Water from your air-conditioner? That's just one unconventional source of moisture you can tap for your garden, according to author Brad Lancaster. He lives on an urban lot in Tucson, Arizona and catches and reuses almost all of the rainwater that falls on his property. On Saturday, he'll visit Las Vegas for a one-day seminar on rainwater collection. He joins us to discuss some techniques for maximizing moisturein the desert.

Q: We only get about four inches of rainwater a year in Las Vegas. If someone were to harvest that with a collection system, how much water would that be?

It can be substantial. For just one inch of rain falling on a one-acre site, that would be over 27,000 gallons a year – again, that’s just for one inch of rain falling on that acre. So it can be good. And especially if you are capturing water not only from your roof, but from your other hardscapes like your driveways, patios and sidewalks. If you direct that water not to the street, but instead direct it to your landscape, you can triple the available rainfall in those landscaped areas, so increasing your available rainfall from 4 inches to 12 inches a year.
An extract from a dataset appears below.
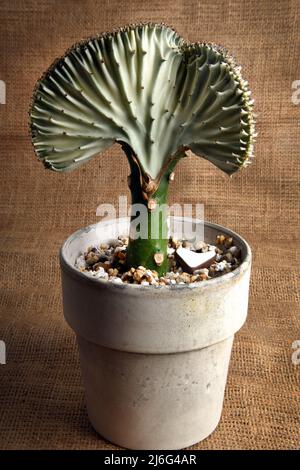 Nahaufnahme des Coral Candelabra Kaktus fächerförmig Stockfoto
Q: So when we talk about a water collection system, what does that look like?

It can be a number of things. Typically people think of tanks so there being a gutter on the roof that directs water to a downspout and then a tank. And that is definitely one strategy, but that’s not where I recommend people begin. Instead, I recommend people begin by just changing the surface of their landscape so instead of being hill-like that drains top soil and water, instead be bowl-like, which harvests and infiltrates water, and also collects biomass and increases soil fertility. Basically what that would look like,  is you still have your roof draining water to the landscape with a gutter or without a gutter. Then you will have this bowl-like or depressed topography in your yard that pools the water and then rapidly infiltrates it so you have no puddles and no mosquito issues and the soil then becomes your tank, so you don’t have to buy a tank. Thus this costs no more than the price of the shovel if you do the work, and that way you get the water back out is by planting pumps. You use the vegetation and the landscape draws it up through the roots, and you can use the water in the form of shade, wildlife habitats, beauty food production and so on .

Q.  This is water that doesn’t end up in Lake Mead ultimately, so doesn’t that impact local water supply?

This harvesting of rain water impacts in a positive way, because while you do have water going to Lake Mead, the water just drains off. You’re losing the bulk of that water to evaporation, not only as that water is travelling to Lake Mead, but once it gets to Lake Mead.  We’re in a dry land environment where potential water loss to evaporation dramatically exceeds water gain to precipitation. In this environment, I feel what is very key is that we do anything and everything we can to reduce water loss to evaporation, and if we store water on the surface behind a dam in a reservoir for instance. Or we drain the water over the surface through surface drains over great distances, that dramatically increases loss by evaporation. So this way we get the water into the soil, beneath the soil, beneath the mulch, so it lasts longer into the dry spell.